Following oral argument by Matthew Lewis in April, the Supreme Court of New Jersey issued a decision on July 21st affirming the Appellate Division’s ruling in Rosenthal & Rosenthal, Inc. v. Benun and Riker Danzig. The Supreme Court’s decision gives a mortgage recorded by Riker Danzig priority over discretionary loan advances made by a lender, Rosenthal & Rosenthal, Inc., after it learned of Riker’s mortgage, even though those advances were secured by two mortgages recorded before Riker’s mortgage and against the same property.
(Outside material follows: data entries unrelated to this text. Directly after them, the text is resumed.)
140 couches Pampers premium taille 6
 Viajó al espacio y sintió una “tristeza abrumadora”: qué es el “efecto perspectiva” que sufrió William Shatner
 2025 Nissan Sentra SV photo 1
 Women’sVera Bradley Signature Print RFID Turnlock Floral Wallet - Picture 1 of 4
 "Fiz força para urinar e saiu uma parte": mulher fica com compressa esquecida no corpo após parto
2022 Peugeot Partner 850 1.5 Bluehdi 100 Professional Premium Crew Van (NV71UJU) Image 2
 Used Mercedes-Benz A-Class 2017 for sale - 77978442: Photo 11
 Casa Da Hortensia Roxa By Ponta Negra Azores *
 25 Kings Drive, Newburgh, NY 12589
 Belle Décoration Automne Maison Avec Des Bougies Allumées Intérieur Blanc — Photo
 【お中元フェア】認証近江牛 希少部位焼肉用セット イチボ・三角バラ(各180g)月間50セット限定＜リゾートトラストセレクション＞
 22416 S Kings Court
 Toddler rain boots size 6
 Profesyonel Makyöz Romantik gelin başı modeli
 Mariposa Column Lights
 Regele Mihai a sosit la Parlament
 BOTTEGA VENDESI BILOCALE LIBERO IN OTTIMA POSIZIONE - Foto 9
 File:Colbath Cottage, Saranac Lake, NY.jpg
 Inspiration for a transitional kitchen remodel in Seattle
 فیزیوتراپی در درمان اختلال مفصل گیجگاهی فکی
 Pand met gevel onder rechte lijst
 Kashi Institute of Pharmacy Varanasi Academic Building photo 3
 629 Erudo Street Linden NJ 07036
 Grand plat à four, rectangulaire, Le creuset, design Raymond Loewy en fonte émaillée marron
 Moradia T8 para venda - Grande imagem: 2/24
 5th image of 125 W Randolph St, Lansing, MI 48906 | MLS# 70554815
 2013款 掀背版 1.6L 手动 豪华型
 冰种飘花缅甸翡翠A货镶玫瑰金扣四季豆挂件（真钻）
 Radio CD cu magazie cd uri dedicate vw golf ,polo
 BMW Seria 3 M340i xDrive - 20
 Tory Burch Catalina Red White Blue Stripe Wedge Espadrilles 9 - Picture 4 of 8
Initially, the trial court had granted priority to Rosenthal’s two earlier-recorded mortgages. On Riker’s behalf, Gerald Liloia argued before the Appellate Division that the lower court incorrectly applied the law governing the priority of optional advances secured by an antecedent mortgage with respect to intervening liens. The Appellate Division agreed and reversed in a published decision. Rosenthal requested and received certification to the Supreme Court.
The Supreme Court reaffirmed the common-law rule that loan advances secured by a mortgage do not enjoy priority over an intervening mortgage where the advances are (i) optional and (ii) made with actual notice of the intervening mortgage. In this case, Rosenthal’s advances were subordinated because they met the common law criteria: they were optional and made with actual knowledge of Riker’s intervening lien. In a unanimous Opinion, the Court wrote, “Applying the well-settled law concerning the priority of a mortgage securing optional future advances against an intervening lienholder to the facts of this appeal is straightforward.”
Law360 published several articles about the case as it wound through the courts, including a July 21st article about the Supreme Court’s decision, as did the New Jersey Law Journal. Matthew Lewis submitted an article on June 29th, "Lenders Won't Lose Mortgage Priority in NJ," regarding the case.
Riker Danzig attorneys Gerald Liloia, Nicholas Racioppi and Matthew Lewis wrote the briefs in the case, with additional support by Mark Rattner and Joshua Greenfield.